Women are given a ‘lofty’ status in religion, but in society they are a demeaned lot
A woman is born as an embodiment of sacrifices. Giving up her share in one way or the other runs in her blood, or rather, genes. A woman prioritises the likes, choices and requirements of everyone other than herself for “greater good”. One of the unavoidable stages in a woman’s life comes when, as a bride, she leaves her home, her birthplace, along with the history as well as the geography attached with her previous life. She gives up almost all of her choicest belongings and every important possession in this crucial transition to the next home, which is supposed to be the final and permanent base of her life to come. From the very first day, this journey starts with coded as well as un-coded responsibilities, high expectations, ceaseless care and love which she has to deliver at all costs, even if everything seems against in her way. The married woman goes on to change her way of living at her paternal home just to adjust in her husband’s particular world, a sort of total surrender. She does everything possible to match the expectations from the new domestic chorus, from economic gains to familial obligations. She is always expected to remain fit and present the best part of herself and not give anybody a chance to raise any question against her, no matter how painful the situation she may be in.
The life of a girl at her paternal home is quite different. She doesn’t worry about any unfinished task, to rise up early or to hurry for things that need to be done. As soon as she steps into her in-laws, everything is to be adjusted afresh, a drastic and unavoidable change in her life. She doesn’t want anybody to get annoyed with her at all, so she does everything to keep every member happy and joyful. This feat can only be pulled off by a woman, who sacrifices every desire and dream to see others happy. She has to fit herself within the walls of married life, cultivating her relationship with every belonging of her new home and the people living there. She sheds her tiredness, pretends to be healthy just to be available to her husband, for her children, 24/7 like a robot. Most of the time, she doesn’t focus on or worry about her health. The pain of the separation from her home and loved ones hits hard at the core of her heart but she pretends to be okay and well just for the sake of the expected behaviour from her. A woman, in a way, obliterates her entire being for the comfort of the people who always expect love from her, in good as well as bad situations coming in her way.

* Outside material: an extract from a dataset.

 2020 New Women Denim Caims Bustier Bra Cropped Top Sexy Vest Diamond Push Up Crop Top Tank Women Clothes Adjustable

Let’s consider another heart-wrenching side of this story that is exclusive to women. As she prepares for life, a woman has to prepare herself for some frightful experiences. Demands for dowry, the threat of domestic violence, the ever-increasing cases of rapes, sexual harassment, inferiority complex, and other shameful aspects of society make her suffer in one way or the other. The tremendous increase in violence against women has shaken the ground of humanity. Such violence not only ruins a woman’s life but mutilates her being and will to start anew. She reaches a point of hopelessness where she makes a total surrender to the situation or loses herself into a grave of no return.
We are quite aware of the extreme kind of domestic violence such as the case which recently took place in Mattan Akhura area of Anantnag district. The victim was a 20-year-old woman who was the mother of two children. Her only crime was that she refused to pay further dowry to her in-laws. Then all hell broke loose upon her. She was burnt alive by her in-laws. Her life didn’t matter to them. Horrendous cases like these are growing terribly across the world. As per the official records on domestic violence, as many as 20 women are physically abused by an intimate partner every minute in the world. Women, mostly between the years of 19 and 24, are most commonly abused. Abuse falls into one or more of the following categories: physical, sexual, psychological, and economic. The impact of the violence not only harms the immediate victim but also destroys and disturbs the children’s physical and mental well-being. In this way our future generations are also affected as well.
As mentioned in the holy Quran, men are the protectors and maintainers of women who must take all responsibilities to guard their life and honour. Men must respect women as the mothers of humanity who nourish civilisations in their laps in all circumstances and ages. But the ever-growing dictatorial system of patriarchy has encouraged abuse of women. When a woman is not safe even at home, how can her safety be assured in bazaars, offices, functions? This way she is deteriorated physically, morally, and emotionally without any cure in sight.
What must be done to restore the lost natural position which is the basic birthright of a woman? How can we repair the wrongs done in our culture and customs which have marred the lofty status of a woman to a mere robot available in the service of everyone else other than herself? In what ways we can understand her unspoken protests against her unending sacrifices? Questions like these seem to have no answers. What we do, instead, is to turn a deaf ear to the growing cries of women.